As it is explained in the Proposal: Compiler intrinsics #11475, there are some cases where we need to access some IL instructions, for example:

  • sizeof of a blittable struct using generics (instead of calling the much more CPU consuming Marshal.SizeOf)
  • deref pointer manipulation with generics (deref a reference to a blittable struct to a void*)
  • call an unmanaged function directly via the calli opcode (used a lot in SharpDX COM interop as well as in the MCG used to generate .NETNative interop code)

You can have a look at a typical usage of this kind of hacking in the PtrUtils.il of Joe Duffy

Note that depending on the evolution of the language, we may not need some of these IL opcodes, but changing a language spec is not something easy, so if we could come if a viable solution that could bypass these language limitations, that would be great!

The concept

So I was looking for a solution that provides:

  • A user friendly syntax for whoever is used to read or write IL ASM syntax
  • A DSL like integration that still allows Roslyn to perform syntax verification on arguments
  • A non-breaking-changes approach that allows to use this feature without introducing a new keyword (as proposed)

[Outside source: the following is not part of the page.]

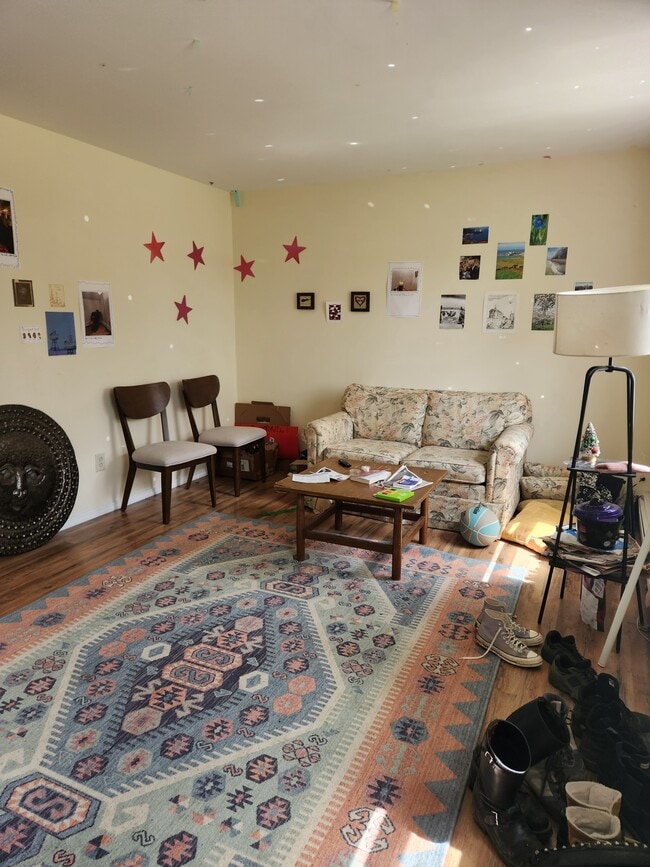 Photo - 13 Memorial Dr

The following code excerpt shows the usage of this inline ASM:

public static void Main(string[] args)
{
	// -----------------------
	// method call
	// -----------------------
	// Console.WriteLine(sizeof(Vector3) + 4)
	
	// IL_0000: nop
	// IL_0001: sizeof Program/Vector3
	// IL_0007: ldc.i4.4
	// IL_0008: add
	// IL_0009: call void [mscorlib]System.Console::WriteLine(int32)
	il(nop);  // just to show that we can output nop, not really instesting though!
	il(@sizeof, Vector3);  // use of @ as sizeof is a keyword
	il(ldc.i4_4);
	il(add);
	il(call, Console.WriteLine(default(int))); // we define the signature with a fake method call
}

As you can see, the syntax is pretty neat! But, where is the il function? Where are defined the nop or ldc opcodes?

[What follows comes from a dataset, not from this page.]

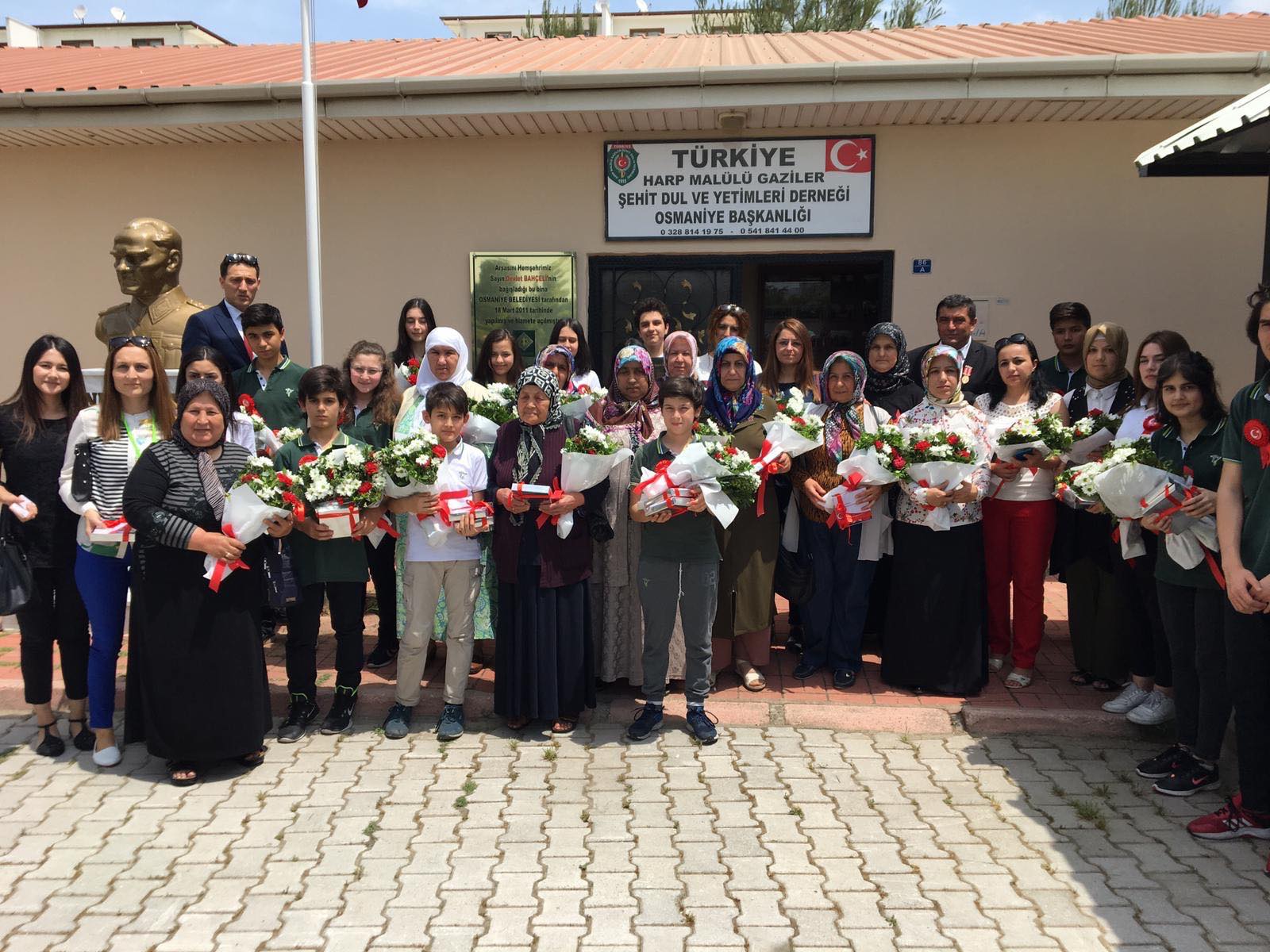 Osmaniye Doğa Koleji Öğrencileri Şehit Anneleri İle Bir Araya Geldi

Well, this is were the magic happens. In the same type, I simply define this function:

// Ideally it should be extern, but for the prototype 
// it fails when loading the type without a DllImport, so we don't use it here 
[CompilerIntrinsic]
static void il(params object[] args) {}

Et voilà, you have the inline IL ASM function available right into your code when using my fork of Roslyn.

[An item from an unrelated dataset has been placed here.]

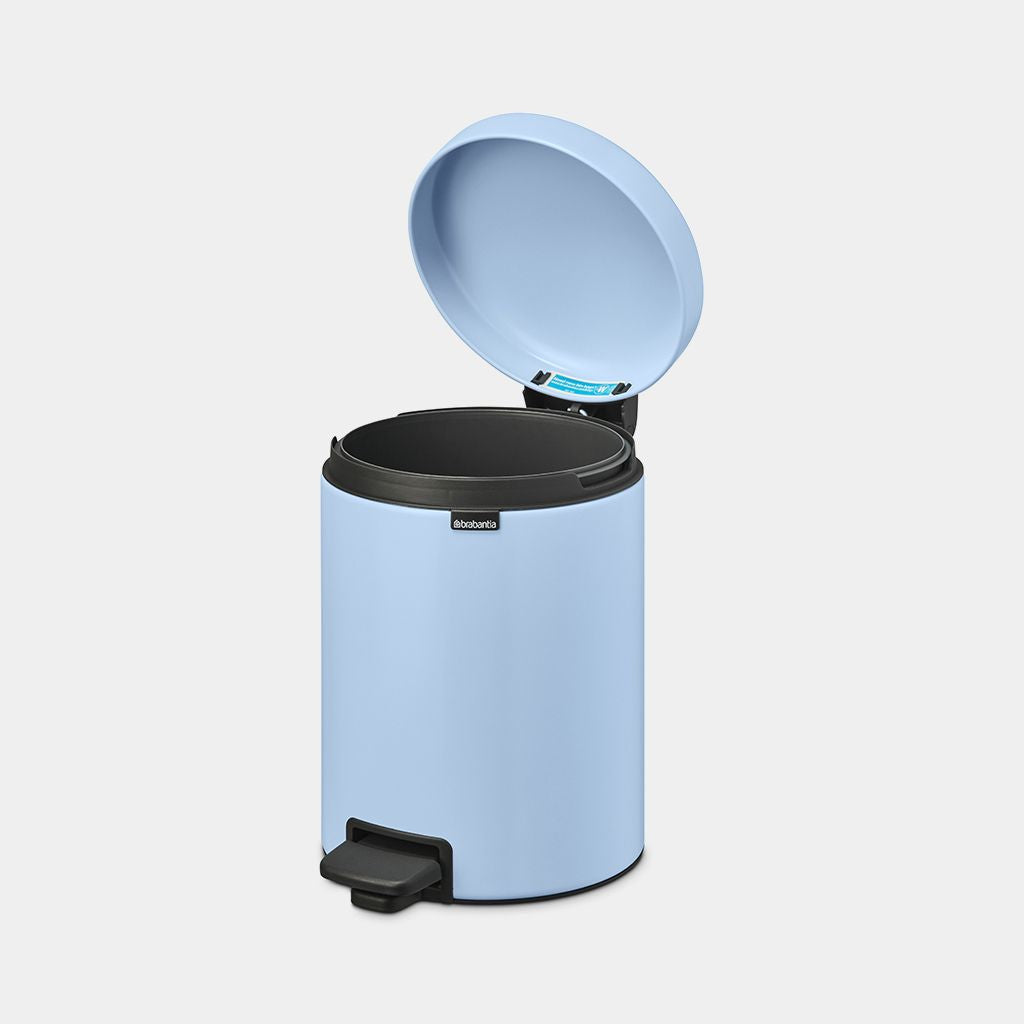 Brabantia NewIcon Treteimer – 5 l – Edelstahl, Rund – Blau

The syntax is able to track usage of variables so that usage of stloc is marking used variable correctly so that we don’t have any compilation errors about a variable being used without an assignment:

// -----------------------
// store to local var
// -----------------------
int x;
il(@sizeof, Vector3);  // use of @ as sizeof is a keyword
il(stloc, x);
Console.WriteLine("sizeof<Vector3> stored in local var: " + x); // Note: stloc implicitly mark x as used

In terms of error, the compiler extension is able to:

  • Provides an error if the IL ASM does not exist
  • Provides an error if an argument doesn’t match the argument of the IL bytecode

More checks would need to be included (like checking that instructions are well balanced and the stack is not corrupted and provide a meaningful error…etc.), but it’s just a prototype.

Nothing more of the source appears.